As 10GBase-T availability continues to grow, more data centers are planning migrations to 10GbE. Its broad deployment is expected to make data center infrastructure more transparent. It should also make managing server connectivity easier while delivering vastly increased bandwidth.

In just a few years 10G will be the most widespread Ethernet protocol. Transmitting at 10Gbps, however, involves the use of a sensitive, high-frequency, coding method.

In the higher frequency spectrum in which 10G operates (500MHz), sensitivity to interference is significantly higher, and the sampling rates are many times higher than for 1000Base-T. This means higher levels of self-radiation in the relevant 250 to 500 MHz bandwidth, meaning more crosstalk. Susceptibility to interference increases by a factor of 100, due to small differences in potential between input signals from one bit level to the next. These are caused by the rise in cable attenuation at high frequencies, and by increased coding.

Crosstalk – A close-up
In every multicore bundle each cable pair picks up interference from other pairs.

In the higher frequency range – where 10G operates – sensitivity to noise is larger. At that level the noise from the directly neighboring cable pair can influence the signal as well as the noise from the other cables.

In order for 10GBase-T to work correctly it is crucial to control and suppress interference from outside individual cables.

Alien crosstalk – or ANEXT – is the term used to describe this interference. In this case, ANEXT refers to crosstalk as a result of operating multiple 10GBase-T terminals in adjacent cabling systems, when energy is coupled between pairs with the same lay length in adjacent cables.

With regular Ethernet, the resulting interference could slow down the network. But over a 10G network interference can shut everything down in an instant, which then requires a restart. When looking at all the parameters that can affect 10GBase-T performance ANEXT is the most significant. Conventional unshielded twisted pair (UTP) systems offer little protection against this type of interference. The only way to reduce alien cross-talk in a traditional UTP system is to increase the physical distance between the cable pairs concerned. In the past, this could be achieved through various measures, all of which were designed to prevent the pairs in the cable from being too close together. The most frequent method was to use specific shapes to increase sheath thickness. There are, however, serious disadvantages to this in terms of cable handling. Larger cable diameter means less efficient use of cable ducts. The cables are stiffer and less flexible and there is a greater fire load due to the increased use of plastic.

A cable shield offers additional mechanical stability as well as reliable protection against unwanted signals and the resulting crosstalk. Shielded cabling, by design, automatically curbs ANEXT if it is installed correctly and is of a sufficiently high quality.

In many respects, shielded cables are an ideal solution for 10GBase-T. However, the shielding for this type of cable must be handled carefully and consistently. Because many markets have not traditionally used shielded cables, installers in these markets have little experience in the correct way to handle shielding. Unshielded copper cabling is easier to install, and therefore less expensive. This is an important part of the reason for its widespread global adoption.

The unshielded solution
It is hardly surprising that the question ‘shielded or unshielded?’ will inevitably come up when investment decisions for local data networks or structured office cabling are made. But that does not mean that a total transition from copper to shielded cabling is inevitable? If installed correctly, both shielded and unshielded technologies offer sufficient reserves for applications up to and including 10GbE. You can reach your goals with unshielded cabling, providing you make sure the conditions are right and you take care to select the right quality.

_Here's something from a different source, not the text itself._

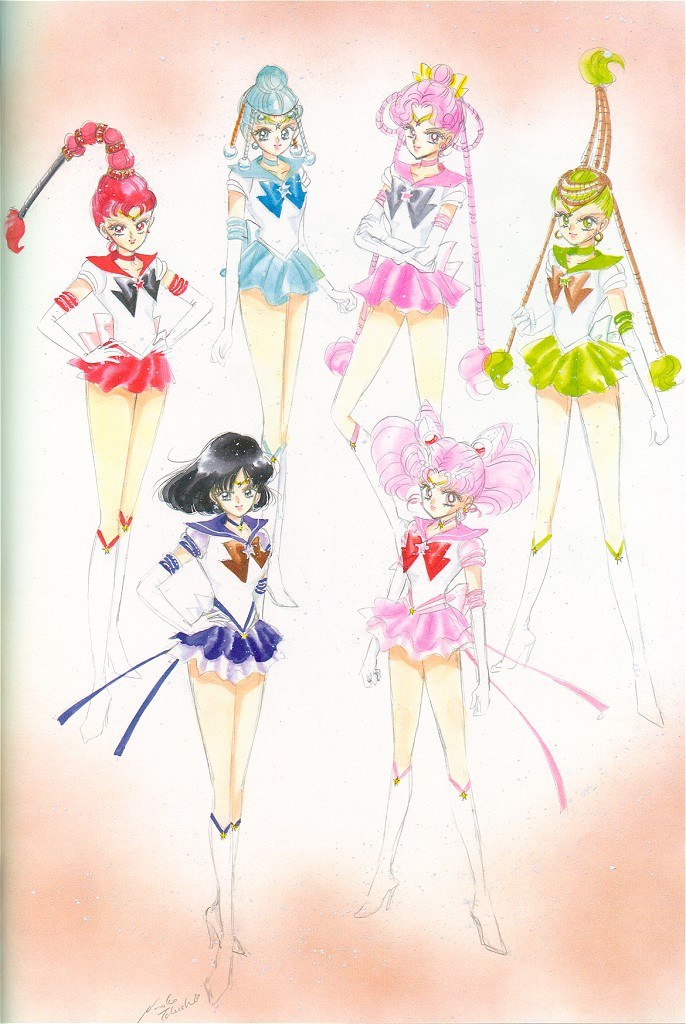 1990s_(style) 6+girls bishoujo_senshi_sailor_moon bishoujo_senshi_sailor_moon_s bishoujo_senshi_sailor_moon_sailor_stars bishoujo_senshi_sailor_moon_stars bishoujo_senshi_sailor_moon_supers black_hair blue_hair blue_sailor_collar bob_cut boots bow brooch brown_bow cerecere_(sailor_moon) chibi_usa child choker cone_hair_bun earrings elbow_gloves female_focus full_body gloves green_hair hair_bun hair_up hand_on_own_hip hands_on_own_hips jewelry junjun_(sailor_moon) knee_boots magical_girl multi-tied_hair multiple_girls official_art pallapalla_(sailor_moon) pink_hair purple_skirt red_hair retro_artstyle sailor_ceres sailor_chibi_moon sailor_collar sailor_juno sailor_pallas sailor_saturn sailor_senshi sailor_vesta short_twintails skirt standing star_brooch super_sailor_chibi_moon super_sailor_chibi_moon_(stars) super_sailor_saturn super_sailor_saturn_(stars) takeuchi_naoko tiara tomoe_hotaru twintails vesves_(sailor_moon) white_footwear white_gloves yellow_bow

As explained above, use of traditional unshielded cabling means distances between individual components need to be increased as much as possible. However, the latest generation of unshielded cables can, in fact, offer ANEXT reserves that were previously only possible with shielding. Choosing the best possible quality of unshielded cable is vital. If opting for 10GbE-compatible class EA cabling, the user has to find the best solution, in technological terms, to ensure the LAN will continue to work reliably in the long term. After all, your investment should keep operating for at least 15 years and longer without error. Once a network has been installed or upgraded, it should outlive several consecutive generations of active equipment. If, after installation, you find out your choice of cabling does not offer the performance you had hoped for when switching from 1 to 10GbE, it is generally much too late to take corrective measures.

Choosing wisely
So which cabling is the best choice to fulfil the demands of 10G?

A safe bet would be to choose cabling specified in accordance with class EA as stipulated by ISO/IEC 11801 coupled with connection technology in accordance with Cat. 6A as stipulated by IEC 60603-7-41/-51. Compared with Telephone Industry Association requirements, this standard has stricter regulations regarding transmission parameters. Therefore, it is better equipped to cope with the challenges that the future will bring.

Other criteria should also be considered during evaluation.

Comprehensive quality control, process security, simple handling, extensive guarantees and low overall costs are a few of the most important selection points.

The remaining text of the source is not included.